The Raptors may be the only team preparing to cross the border next season, but that doesn't mean they're the only one facing deadline uncertainty. It isn't clear whether or not the following five players are going to be traded at the deadline, but if their teams are honest with themselves about their priorities moving forward, they certainly should be. 

1. Victor Oladipo

Houston has so far driven a hard bargain for Victor Oladipo. They are asking for either a good first-round pick or a valuable young player, The Athletic's Shams Charania reports. So far, neither has been offered. In all likelihood, none will be. Oladipo has struggled in Houston, and even teams expecting him to revert to his Indiana form in a winning environment know that they can try to poach him in the offseason for free. Several potential suitors -- such as Dallas, Miami and New York -- will have significant cap space this offseason. 

The Rockets can offer Oladipo more money than any other suitor, but will they want to? His health hardly warrants a five-year deal. If they were interested in paying anyone long-term money, they might simply have taken Caris LeVert in the James Harden trade instead of flipping him for Oladipo. Houston is already paying John Wall max money in the middle of a rebuild. That duo has lost the last eight games it has played together, and Kevin Porter Jr. appears destined for a starting role next season. The Rockets hardly have a reason to break the bank here, and even if they're willing to do so, there's no guarantee Oladipo even takes their money if a winner in a big market makes a similar offer.

This is a fairly straightforward case. The Rockets can either move Oladipo now for less than what they'd consider fair value, or they can get no value whatsoever when he walks in the offseason.
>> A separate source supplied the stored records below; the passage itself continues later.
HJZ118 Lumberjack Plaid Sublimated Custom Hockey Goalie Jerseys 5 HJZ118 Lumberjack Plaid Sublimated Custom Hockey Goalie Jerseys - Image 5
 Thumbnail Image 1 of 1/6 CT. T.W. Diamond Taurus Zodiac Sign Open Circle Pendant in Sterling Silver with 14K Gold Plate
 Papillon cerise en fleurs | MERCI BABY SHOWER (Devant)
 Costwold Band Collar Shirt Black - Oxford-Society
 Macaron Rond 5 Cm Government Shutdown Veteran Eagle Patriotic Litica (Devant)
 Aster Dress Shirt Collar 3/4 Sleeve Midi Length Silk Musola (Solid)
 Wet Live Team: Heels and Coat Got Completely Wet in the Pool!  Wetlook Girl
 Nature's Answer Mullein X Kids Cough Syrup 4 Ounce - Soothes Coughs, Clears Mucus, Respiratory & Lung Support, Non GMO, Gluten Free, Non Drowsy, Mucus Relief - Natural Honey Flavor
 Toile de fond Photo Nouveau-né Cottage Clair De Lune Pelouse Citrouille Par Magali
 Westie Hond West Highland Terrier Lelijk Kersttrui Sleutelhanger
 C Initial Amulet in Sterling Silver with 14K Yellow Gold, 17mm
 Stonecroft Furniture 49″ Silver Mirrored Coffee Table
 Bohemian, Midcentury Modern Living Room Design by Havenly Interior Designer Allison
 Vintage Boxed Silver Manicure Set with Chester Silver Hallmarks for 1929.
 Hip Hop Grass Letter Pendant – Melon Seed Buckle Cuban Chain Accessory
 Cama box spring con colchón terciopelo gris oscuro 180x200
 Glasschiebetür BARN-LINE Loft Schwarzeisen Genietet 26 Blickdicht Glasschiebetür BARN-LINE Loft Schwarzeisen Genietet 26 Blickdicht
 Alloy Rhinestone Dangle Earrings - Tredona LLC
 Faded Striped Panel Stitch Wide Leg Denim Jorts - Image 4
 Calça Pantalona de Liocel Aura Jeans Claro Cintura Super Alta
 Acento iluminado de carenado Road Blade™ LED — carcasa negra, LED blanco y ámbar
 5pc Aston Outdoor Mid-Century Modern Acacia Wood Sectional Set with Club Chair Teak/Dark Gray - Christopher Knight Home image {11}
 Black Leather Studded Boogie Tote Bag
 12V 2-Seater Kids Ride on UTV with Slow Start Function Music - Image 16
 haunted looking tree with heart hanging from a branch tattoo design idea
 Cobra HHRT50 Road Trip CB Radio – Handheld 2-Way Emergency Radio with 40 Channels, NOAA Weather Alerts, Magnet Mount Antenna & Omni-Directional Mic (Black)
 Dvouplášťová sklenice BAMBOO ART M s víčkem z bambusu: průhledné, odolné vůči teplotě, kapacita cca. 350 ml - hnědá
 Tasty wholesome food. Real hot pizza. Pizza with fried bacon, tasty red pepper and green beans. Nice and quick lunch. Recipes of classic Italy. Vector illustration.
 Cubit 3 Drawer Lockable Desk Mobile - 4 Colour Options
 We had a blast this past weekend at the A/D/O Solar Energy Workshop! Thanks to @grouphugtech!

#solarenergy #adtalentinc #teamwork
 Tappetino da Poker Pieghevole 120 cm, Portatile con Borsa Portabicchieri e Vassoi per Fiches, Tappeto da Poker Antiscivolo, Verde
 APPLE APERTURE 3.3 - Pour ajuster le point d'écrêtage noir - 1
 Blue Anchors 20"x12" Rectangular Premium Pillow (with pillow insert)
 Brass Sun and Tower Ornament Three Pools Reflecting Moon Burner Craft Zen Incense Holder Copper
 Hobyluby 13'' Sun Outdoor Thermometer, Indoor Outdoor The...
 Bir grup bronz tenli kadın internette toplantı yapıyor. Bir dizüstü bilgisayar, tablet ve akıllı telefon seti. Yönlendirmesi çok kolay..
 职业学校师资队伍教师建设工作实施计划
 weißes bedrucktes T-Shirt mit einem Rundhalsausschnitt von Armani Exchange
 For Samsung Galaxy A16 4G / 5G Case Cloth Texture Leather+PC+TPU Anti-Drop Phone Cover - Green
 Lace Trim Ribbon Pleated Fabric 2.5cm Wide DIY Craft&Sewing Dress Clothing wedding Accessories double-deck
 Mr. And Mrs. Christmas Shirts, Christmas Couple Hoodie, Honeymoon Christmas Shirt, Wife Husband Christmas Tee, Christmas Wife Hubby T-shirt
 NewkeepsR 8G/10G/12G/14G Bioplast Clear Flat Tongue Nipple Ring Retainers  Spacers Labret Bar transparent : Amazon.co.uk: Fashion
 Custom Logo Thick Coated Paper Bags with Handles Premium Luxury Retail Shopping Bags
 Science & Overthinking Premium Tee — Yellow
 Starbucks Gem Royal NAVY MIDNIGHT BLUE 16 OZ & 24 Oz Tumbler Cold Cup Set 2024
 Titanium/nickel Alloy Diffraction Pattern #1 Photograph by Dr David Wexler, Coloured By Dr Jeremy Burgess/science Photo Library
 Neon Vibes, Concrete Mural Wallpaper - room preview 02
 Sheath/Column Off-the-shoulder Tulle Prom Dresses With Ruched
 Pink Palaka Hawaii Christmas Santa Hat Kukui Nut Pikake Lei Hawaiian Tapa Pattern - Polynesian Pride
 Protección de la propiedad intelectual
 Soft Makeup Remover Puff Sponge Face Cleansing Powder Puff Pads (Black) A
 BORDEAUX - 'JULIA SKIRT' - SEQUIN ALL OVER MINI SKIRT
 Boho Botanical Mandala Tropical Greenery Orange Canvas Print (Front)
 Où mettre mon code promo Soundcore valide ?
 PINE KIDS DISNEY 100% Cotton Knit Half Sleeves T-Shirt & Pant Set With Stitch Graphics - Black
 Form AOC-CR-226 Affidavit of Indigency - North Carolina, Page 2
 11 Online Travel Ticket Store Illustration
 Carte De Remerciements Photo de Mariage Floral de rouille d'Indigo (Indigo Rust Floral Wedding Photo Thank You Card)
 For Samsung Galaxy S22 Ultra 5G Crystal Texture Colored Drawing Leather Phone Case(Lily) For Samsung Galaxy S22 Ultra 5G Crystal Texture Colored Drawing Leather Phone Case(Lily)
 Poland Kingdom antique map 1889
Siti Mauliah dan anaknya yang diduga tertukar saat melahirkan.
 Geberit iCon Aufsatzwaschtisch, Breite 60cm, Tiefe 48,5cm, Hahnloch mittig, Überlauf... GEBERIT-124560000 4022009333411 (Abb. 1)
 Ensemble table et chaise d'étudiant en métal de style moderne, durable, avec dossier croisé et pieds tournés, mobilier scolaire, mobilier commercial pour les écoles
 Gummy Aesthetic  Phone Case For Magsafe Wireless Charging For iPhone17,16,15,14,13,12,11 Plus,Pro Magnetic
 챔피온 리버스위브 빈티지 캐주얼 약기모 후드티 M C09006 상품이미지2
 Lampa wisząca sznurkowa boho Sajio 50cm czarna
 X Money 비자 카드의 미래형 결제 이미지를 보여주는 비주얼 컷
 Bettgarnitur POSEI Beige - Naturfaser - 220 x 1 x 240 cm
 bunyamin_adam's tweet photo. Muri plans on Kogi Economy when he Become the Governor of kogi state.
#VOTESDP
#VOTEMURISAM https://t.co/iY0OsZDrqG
Unless every offer comes with bad long-term money attached, Houston should pick one on the basic principle that something is better than nothing. 

Will they do so? Houston values optics in trade negotiations, and dealing Oladipo for pennies on the dollar would look bad after he was a central asset in the Harden deal. Don't be surprised if the Rockets do wind up trading him for second-round picks, but in the form of a protected first-rounder that is unlikely to actually convey. Their return on the Oladipo investment is going to be significantly lower than they expected when they made the trade, but that doesn't mean they should deprive themselves of any value for a player that doesn't figure into their future.

2. Spencer Dinwiddie

The Nets haven't ruled him out for the season yet, but the odds of Spencer Dinwiddie returning from a partially torn ACL in time to contribute to a playoff run appear slim, and with a player option coming up, his days in Brooklyn are likely numbered. Could the Nets afford to re-sign him? Sure. Joe Tsai is worth over $10 billion. But as expensive as the Nets have become, they have made several financially-influenced decisions that might have hurt their on-court product. Garrett Temple would be a valuable rotation player for them right now if they hadn't declined his $5 million option last offseason. They are one of the few contenders not to use their mid-level exception in 2020 free agency. Even if they want Dinwiddie back, he may walk for a starting job. Brooklyn can't offer him one.